- What is being asked -
Output all of the entries exactly as they are given.

---------- Listed records

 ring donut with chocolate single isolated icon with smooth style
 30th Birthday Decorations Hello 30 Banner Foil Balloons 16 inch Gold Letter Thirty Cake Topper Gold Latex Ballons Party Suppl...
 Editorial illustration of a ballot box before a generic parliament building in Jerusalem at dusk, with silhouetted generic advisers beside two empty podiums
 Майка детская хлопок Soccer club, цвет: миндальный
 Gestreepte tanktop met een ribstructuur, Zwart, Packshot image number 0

--------------------

- Output below -
 ring donut with chocolate single isolated icon with smooth style
 30th Birthday Decorations Hello 30 Banner Foil Balloons 16 inch Gold Letter Thirty Cake Topper Gold Latex Ballons Party Suppl...
 Editorial illustration of a ballot box before a generic parliament building in Jerusalem at dusk, with silhouetted generic advisers beside two empty podiums
 Майка детская хлопок Soccer club, цвет: миндальный
 Gestreepte tanktop met een ribstructuur, Zwart, Packshot image number 0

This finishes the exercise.